AI Navigate

The COTe score: A decomposable framework for evaluating Document Layout Analysis models

arXiv cs.CV / 3/16/2026

📰 NewsIdeas & Deep AnalysisTools & Practical UsageModels & Research

Key Points

  • The paper announces the Structural Semantic Unit (SSU) and the COTe score, a decomposable metric designed for evaluating document layout analysis beyond traditional IoU, F1, and mAP.
  • It shows that COTe captures semantic structure, reveals distinct failure modes such as semantic boundary breaches or repeated parsing of the same region, and is more informative than traditional metrics.
  • The authors report that COTe reduces the interpretation-performance gap by up to 76% relative to F1 on three DLA datasets.
  • Importantly, COTe's granularity robustness holds even without explicit SSU labeling, lowering barriers to adoption.
  • They also release an SSU-labeled dataset and a Python library to apply COTe in DLA projects.

Abstract

Document Layout analysis (DLA), is the process by which a page is parsed into meaningful elements, often using machine learning models. Typically, the quality of a model is judged using general object detection metrics such as IoU, F1 or mAP. However, these metrics are designed for images that are 2D projections of 3D space, not for the natively 2D imagery of printed media. This discrepancy can result in misleading or uninformative interpretation of model performance by the metrics.

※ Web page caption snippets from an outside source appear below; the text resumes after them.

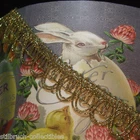 Gold metallic lace metal trim antique vintage loops swag design pillows 7/8" BTY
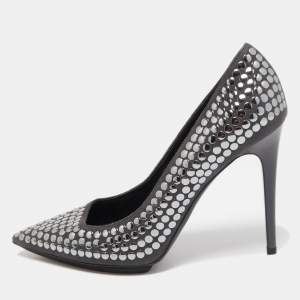 Stella McCartney Grey Studded Faux Suede Pointed Toe Pumps Size 38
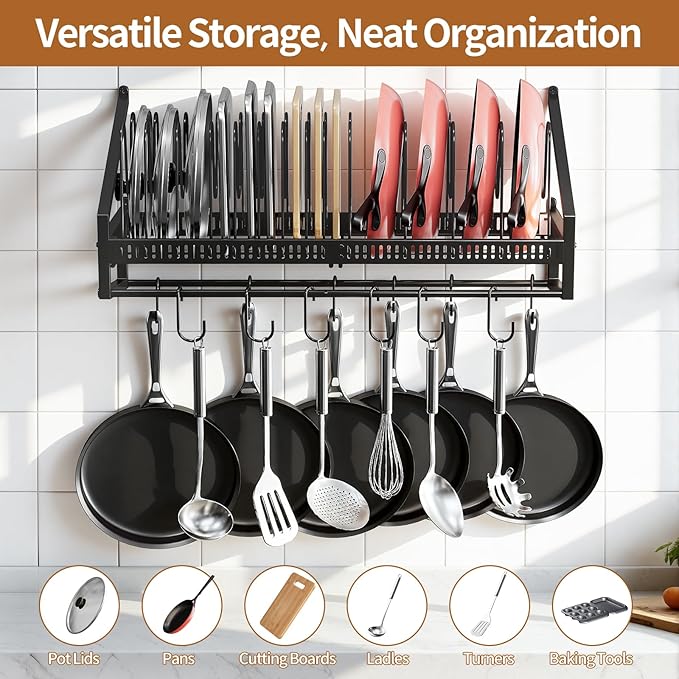 Housolution Pan Rack Wall Mounted, 24.8" Vertical Lid Organizer with 14 Adjustable Dividers, Heavy Duty Hanging Cookware Holder Hanger with 6 S-Hooks & 6 Vertical Hooks - Image 3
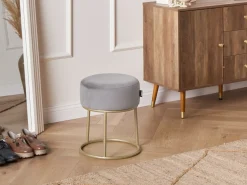 Outlet Beliani Sgabello DELCO Velluto Grigio Grigio Oro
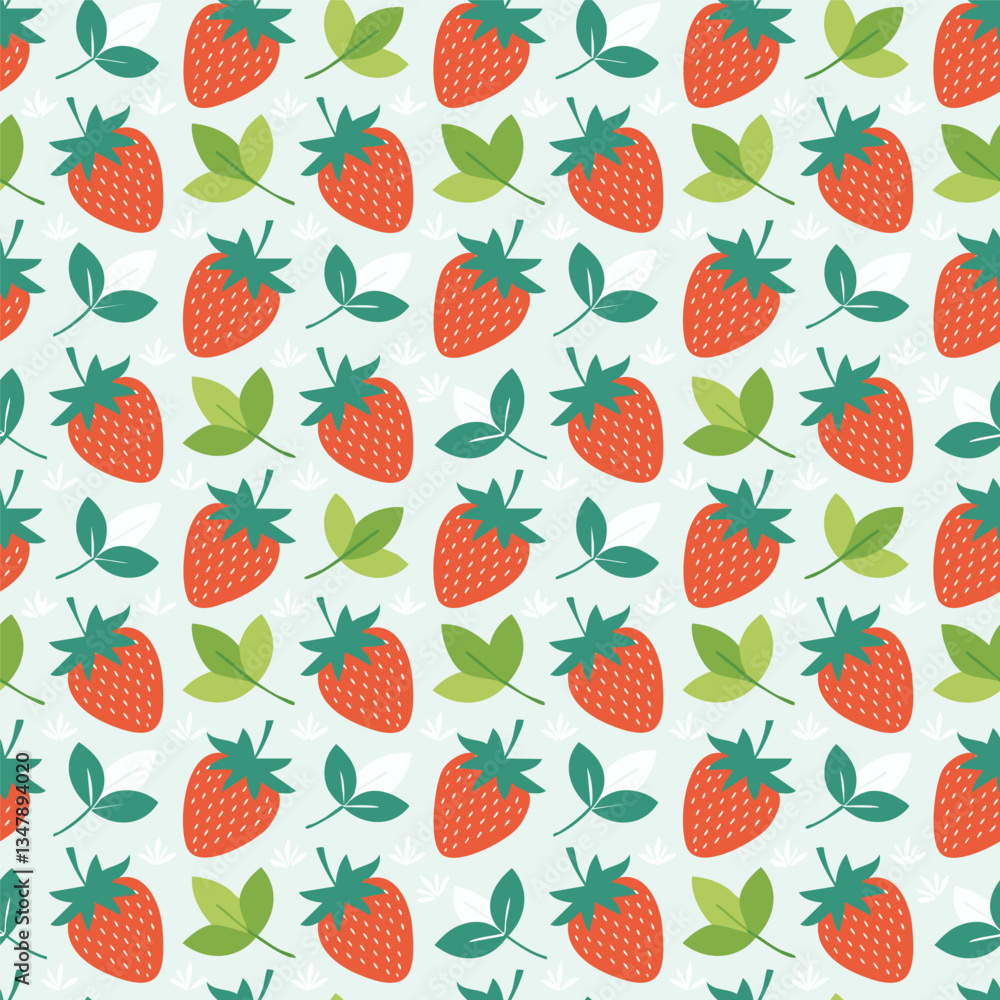 A pattern strawberries and leaves background illustration A pattern strawberries and leaves background illustration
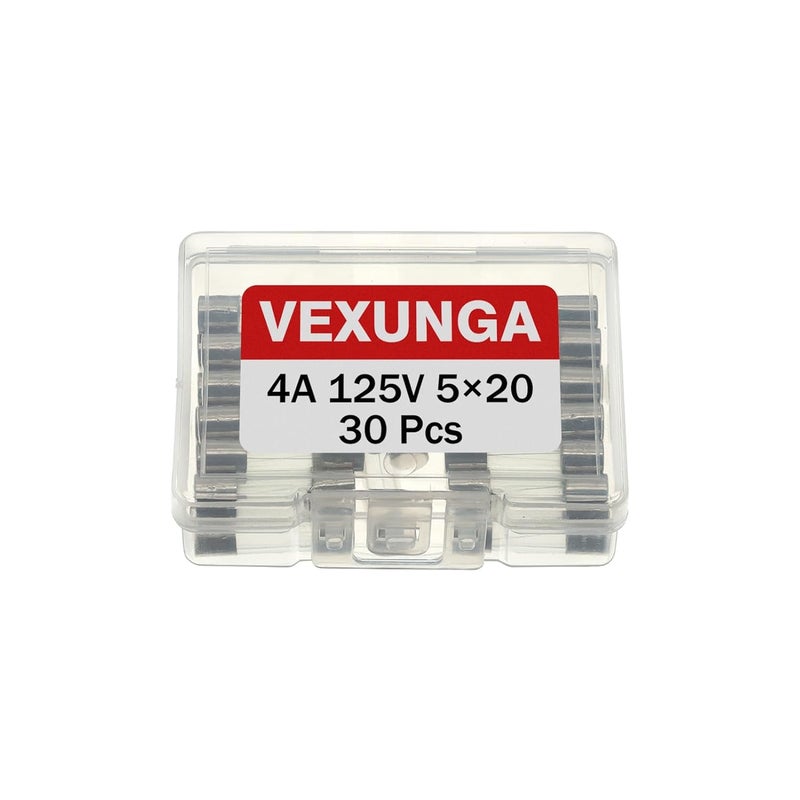 VEXUNGA 4A 125V Fuse 4 Amp 125 Volt Max Fast Blow Glass Fuses Replacement for Outdoor C9 String Christmas Xmas Lights 5x20MM / 0.2x0.78Inch (Pack of 30pcs) - Image 5
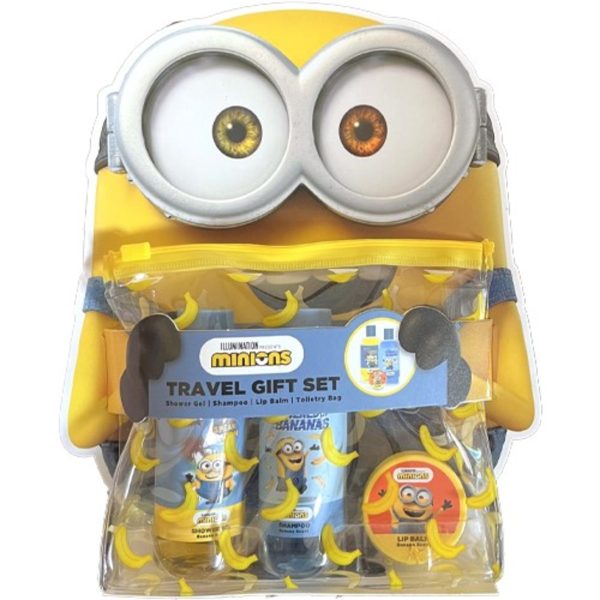Set Minions Reis Toilettas 3 Delen Gel 60 ml-Shampoo 60 ml-Lipbalsem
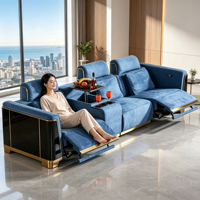 Canapé inclinable électrique de luxe 3 places avec table console, porte-gobelets, USB, velours bleu, finition dorée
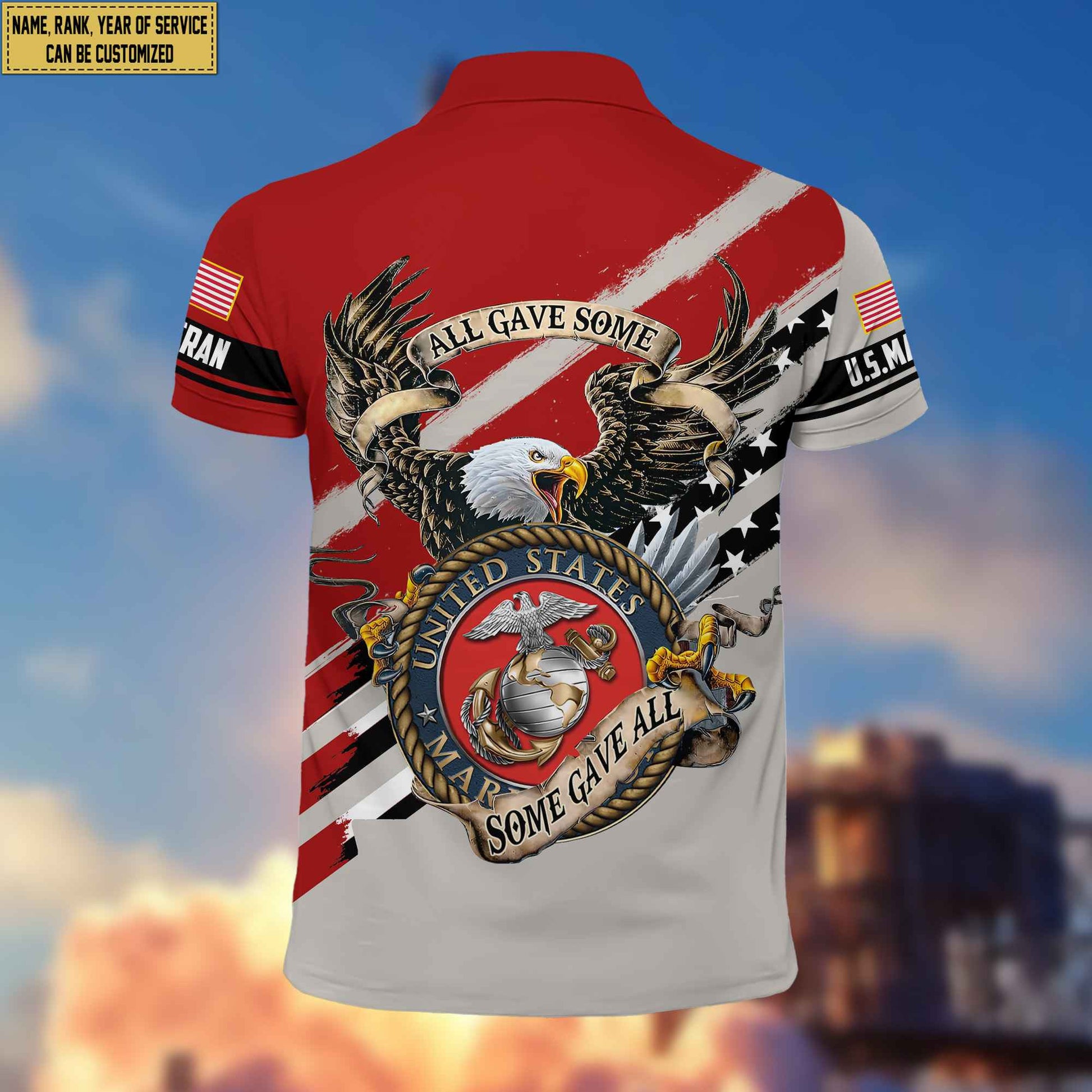 Premium USMC Veteran Polo Shirt, Custom Name, Rank Gifts For Marine Veteran VPVC204003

To encourage more robust, comparable, and nuanced DLA, we introduce: The Structural Semantic Unit (SSU) a relational labelling approach that shifts the focus from the physical to the semantic structure of the content; and the Coverage, Overlap, Trespass, and Excess (COTe) score, a decomposable metric for measuring page parsing quality. We demonstrate the value of these methods through case studies and by evaluating 5 common DLA models on 3 DLA datasets. We show that the COTe score is more informative than traditional metrics and reveals distinct failure modes across models, such as breaching semantic boundaries or repeatedly parsing the same region. In addition, the COTe score reduces the interpretation-performance gap by up to 76% relative to the F1. Notably, we find that the COTe's granularity robustness largely holds even without explicit SSU labelling, lowering the barriers to entry for using the system. Finally, we release an SSU labelled dataset and a Python library for applying COTe in DLA projects.